Nu is er één flink probleem blijven liggen tussen de minister en de SGP-fractie. Dat gaat om de inkomenseffecten en onze houding daar tegenover. Die inkomenseffecten zijn hier en daar fors, gemiddeld 7% met daaromheen een behoorlijke spreiding, dus voor een bepaalde sector met bepaalde kenmerken – ook op bedrijfsniveau – kan dat beduidend meer zijn. Daarbij gaat het om compensatie met geld of met beleidsinstrumenten met inkomenseffecten. Collega Atsma heeft ze zojuist opgesomd. Als we dat willen, is dat te doen. De minister kan en wil dat niet garanderen. Nu kan ik mij dat nog voorstellen als het gaat om een taakstellend karakter van de garantie die wordt afgegeven, want de minister is afhankelijk van het onderhandelingsresultaat. Maar dat hij nu ook de inspanningsverplichting niet wil aangaan, begrijp ik niet. En dat is eerlijk gezegd de motivering waarom mijn fractie de motie van collega Atsma op dit punt heeft medeondertekend. Ik vraag de minister nog eens dringend die inspanningsverplichting toch ten minste toch aan te gaan.

De heer Waalkens (PvdA):

Voorzitter! Vanmorgen hebben wij de achteruitgang van inkomens in de land- en tuinbouw als gevolg van Agenda 2000 geconstateerd.
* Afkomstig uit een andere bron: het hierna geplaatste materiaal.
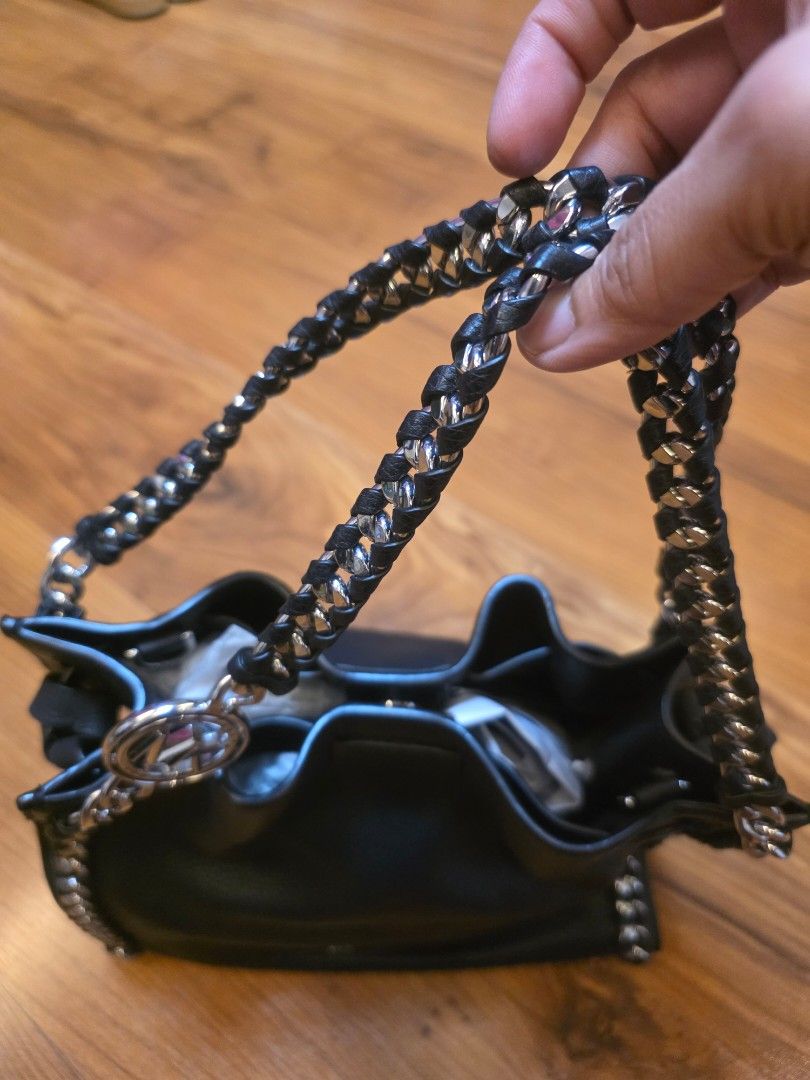 Michael Kors Black Leather Chain Shoulder Bag (Category: Luxury Bags & Wallets) located in Iligan City. Submitted by ilovechocolatecakes (Listing ID 1466778487, Image 2). Description: - Brand: Michael Kors - Material: Black pebbled leather - Hardware: Silver-tone chain strap interwoven with leather - Closure: Magnetic snap top closure - Interior: Clean lining with stamped branding text on internal leather trim - Base: Flat structured base - Condi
Het LEI-onderzoek heeft dat gekwantificeerd en ik wil daarover drie opmerkingen maken.

De eerste conclusie van het onderzoek, zelf opgeschreven door het Landbouw economisch instituut, is dat het opportuun is om te hervormen en dat er geen alternatief is dan hervormingen. De tweede conclusie is dat bij de doorrekening geen rekening is gehouden met de essentiële aanpassingen, die in de loop van de tijd in de gefaseerde invulling van Agenda 2000 op de bedrijven zullen plaatsvinden. De derde conclusie – en mogelijk de meest speculatieve – is de conservatieve inschatting van de kansen die Agenda 2000 biedt. Het CDA vraagt 100% inkomenscompensatie. Binnen de financiële afspraken is dat onrealistisch, buiten de werkelijkheid en niet aan de orde. Wij verwachten dat de minister zich binnen het budget en binnen de afspraken maximaal zal inspannen voor een maximaal resultaat.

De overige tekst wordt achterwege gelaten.